Paper gold looks to be failing again at resistance near 1750. As Dan Norcini noted, we now have three daily attempts that actually breached that level but were repelled later in the day. It looks to me that the 18 day moving average remains the target and initial support at 1710. This was the initial price objective when stochastic lost the embed (3 consecutive day above 80). Resistance remains at 1760. The Bollinger bands are starting to contract which indicates that volatility is on the decline, an indication that consolidating price action is afoot. With the Bernank’s announcement that he is going to essentially provide the bid for the treasury market and pin short term interest rates to zero through 2014, this chart’s path of least resistance is going to be higher. Enough energy must be accumulated for a move up and through 1750, then its off to 1800.

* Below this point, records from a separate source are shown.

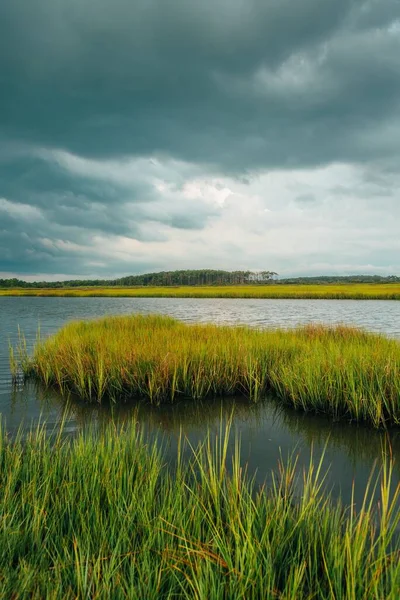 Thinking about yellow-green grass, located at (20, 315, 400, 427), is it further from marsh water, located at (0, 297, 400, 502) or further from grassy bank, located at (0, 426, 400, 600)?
grassy bank, located at (0, 426, 400, 600)

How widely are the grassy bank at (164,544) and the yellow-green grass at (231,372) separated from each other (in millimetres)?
3486

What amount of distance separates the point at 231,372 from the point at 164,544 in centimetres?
622

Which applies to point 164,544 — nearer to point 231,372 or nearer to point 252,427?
point 252,427

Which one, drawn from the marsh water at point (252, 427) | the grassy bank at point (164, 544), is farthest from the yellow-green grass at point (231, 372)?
the grassy bank at point (164, 544)

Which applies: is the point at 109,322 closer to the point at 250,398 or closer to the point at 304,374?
the point at 250,398

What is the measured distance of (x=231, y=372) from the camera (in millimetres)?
8641

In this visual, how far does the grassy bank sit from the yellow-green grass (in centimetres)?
349

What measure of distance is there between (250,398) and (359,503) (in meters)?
4.30

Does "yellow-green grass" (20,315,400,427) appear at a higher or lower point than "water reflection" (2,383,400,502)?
higher

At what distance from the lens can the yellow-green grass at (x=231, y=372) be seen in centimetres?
683

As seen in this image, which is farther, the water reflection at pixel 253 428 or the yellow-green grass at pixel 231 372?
the yellow-green grass at pixel 231 372

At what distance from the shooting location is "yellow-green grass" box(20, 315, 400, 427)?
6832 mm

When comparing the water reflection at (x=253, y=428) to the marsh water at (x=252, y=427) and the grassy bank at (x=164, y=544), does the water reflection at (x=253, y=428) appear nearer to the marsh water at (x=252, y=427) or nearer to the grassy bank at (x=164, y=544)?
the marsh water at (x=252, y=427)

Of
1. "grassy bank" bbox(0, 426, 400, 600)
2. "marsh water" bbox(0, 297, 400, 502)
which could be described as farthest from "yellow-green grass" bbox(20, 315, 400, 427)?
"grassy bank" bbox(0, 426, 400, 600)
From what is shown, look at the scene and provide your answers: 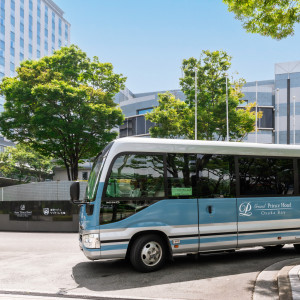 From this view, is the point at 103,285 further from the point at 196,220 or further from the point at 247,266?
the point at 247,266

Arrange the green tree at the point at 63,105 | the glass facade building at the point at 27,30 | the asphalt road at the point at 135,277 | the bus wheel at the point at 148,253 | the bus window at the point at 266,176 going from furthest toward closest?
1. the glass facade building at the point at 27,30
2. the green tree at the point at 63,105
3. the bus window at the point at 266,176
4. the bus wheel at the point at 148,253
5. the asphalt road at the point at 135,277

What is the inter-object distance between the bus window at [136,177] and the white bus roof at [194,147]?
0.18m

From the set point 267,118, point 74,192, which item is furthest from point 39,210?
point 267,118

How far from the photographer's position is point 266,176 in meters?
8.90

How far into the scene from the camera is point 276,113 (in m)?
44.0

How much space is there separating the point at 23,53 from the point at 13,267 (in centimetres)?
7976

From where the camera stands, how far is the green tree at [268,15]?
9305 millimetres

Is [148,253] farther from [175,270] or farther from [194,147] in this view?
[194,147]

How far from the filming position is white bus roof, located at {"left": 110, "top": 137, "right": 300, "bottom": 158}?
7.72 meters

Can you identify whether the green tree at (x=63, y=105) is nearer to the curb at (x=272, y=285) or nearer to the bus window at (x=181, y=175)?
the bus window at (x=181, y=175)

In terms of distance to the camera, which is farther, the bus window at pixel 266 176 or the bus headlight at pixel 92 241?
the bus window at pixel 266 176

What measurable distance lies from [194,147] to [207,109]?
2114 cm

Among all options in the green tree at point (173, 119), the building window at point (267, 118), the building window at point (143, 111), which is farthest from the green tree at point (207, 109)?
the building window at point (143, 111)

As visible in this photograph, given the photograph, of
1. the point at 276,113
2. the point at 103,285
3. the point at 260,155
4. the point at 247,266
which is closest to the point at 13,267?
the point at 103,285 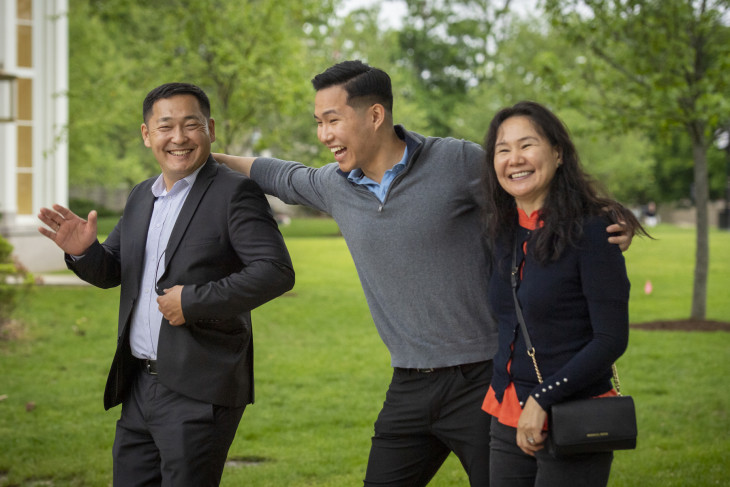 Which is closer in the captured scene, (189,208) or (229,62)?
(189,208)

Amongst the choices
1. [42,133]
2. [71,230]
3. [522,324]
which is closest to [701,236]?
[522,324]

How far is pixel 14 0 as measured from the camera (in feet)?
58.7

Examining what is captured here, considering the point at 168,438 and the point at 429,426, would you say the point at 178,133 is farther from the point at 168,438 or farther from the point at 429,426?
the point at 429,426

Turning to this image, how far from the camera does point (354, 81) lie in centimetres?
364

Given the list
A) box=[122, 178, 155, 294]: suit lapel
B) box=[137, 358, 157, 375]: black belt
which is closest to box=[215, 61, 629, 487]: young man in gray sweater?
box=[122, 178, 155, 294]: suit lapel

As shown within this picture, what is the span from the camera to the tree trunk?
1288cm

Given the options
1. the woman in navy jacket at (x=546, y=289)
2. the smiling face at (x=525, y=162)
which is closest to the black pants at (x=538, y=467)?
the woman in navy jacket at (x=546, y=289)

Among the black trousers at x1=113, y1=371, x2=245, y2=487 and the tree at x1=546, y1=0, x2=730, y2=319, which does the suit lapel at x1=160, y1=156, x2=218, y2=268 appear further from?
the tree at x1=546, y1=0, x2=730, y2=319

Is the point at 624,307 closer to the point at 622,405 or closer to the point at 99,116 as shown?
the point at 622,405

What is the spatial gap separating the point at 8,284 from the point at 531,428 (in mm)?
9770

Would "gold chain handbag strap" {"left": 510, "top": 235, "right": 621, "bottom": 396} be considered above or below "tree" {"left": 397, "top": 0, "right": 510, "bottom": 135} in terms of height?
below

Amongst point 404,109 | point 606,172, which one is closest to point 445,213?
point 404,109

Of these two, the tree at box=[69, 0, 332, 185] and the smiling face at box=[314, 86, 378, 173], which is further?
the tree at box=[69, 0, 332, 185]

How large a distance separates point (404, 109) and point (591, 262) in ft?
113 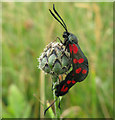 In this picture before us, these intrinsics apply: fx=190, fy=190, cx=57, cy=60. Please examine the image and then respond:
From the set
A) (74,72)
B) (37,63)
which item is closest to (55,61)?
(74,72)

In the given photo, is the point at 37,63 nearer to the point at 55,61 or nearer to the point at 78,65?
the point at 55,61

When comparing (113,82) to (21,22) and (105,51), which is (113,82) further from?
(21,22)

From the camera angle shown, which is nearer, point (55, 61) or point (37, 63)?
point (55, 61)

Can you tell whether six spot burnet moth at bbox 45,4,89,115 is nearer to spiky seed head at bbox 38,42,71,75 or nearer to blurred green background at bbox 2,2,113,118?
spiky seed head at bbox 38,42,71,75

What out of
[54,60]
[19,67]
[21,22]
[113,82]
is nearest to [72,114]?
[113,82]

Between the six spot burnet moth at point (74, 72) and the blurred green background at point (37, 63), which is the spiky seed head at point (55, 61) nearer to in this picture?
the six spot burnet moth at point (74, 72)

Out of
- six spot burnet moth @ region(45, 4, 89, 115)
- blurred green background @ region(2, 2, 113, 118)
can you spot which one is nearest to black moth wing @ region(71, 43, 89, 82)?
six spot burnet moth @ region(45, 4, 89, 115) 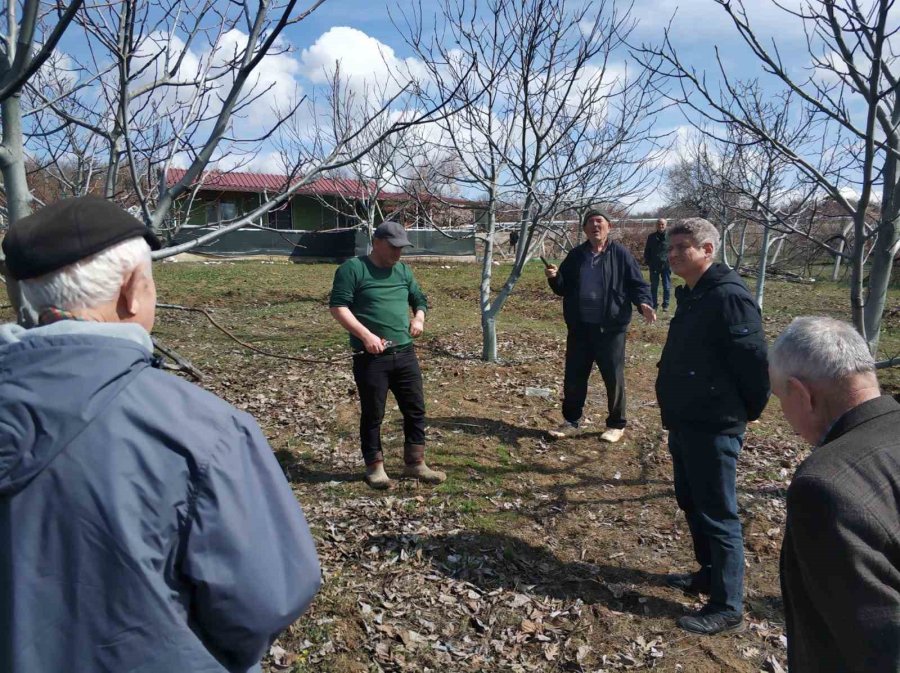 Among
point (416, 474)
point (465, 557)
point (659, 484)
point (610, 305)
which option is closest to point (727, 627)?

A paper trader is looking at a favorable setup for a long trade. The up trend is clear with a continuing pattern of higher highs and higher lows, with price above the 18 day moving average. Additionally, the trend remains intact as long as the swing low at 1716 is not taken out to the down side. A buy could be executed anywhere here with a stop just below 1716. If price drops to the stop the trend is over and a long should not be present within an undefined trend or a down trend. Of course a physical gold owner can go and work on his sun tan (winter hasn’t come so far in Atlanta) and not worry about such silly things as shuffling paper.
The expanded chart tells me that if support fails at the 18 day moving average, we could see a move down 1670 where we had a breakout from previous resistance.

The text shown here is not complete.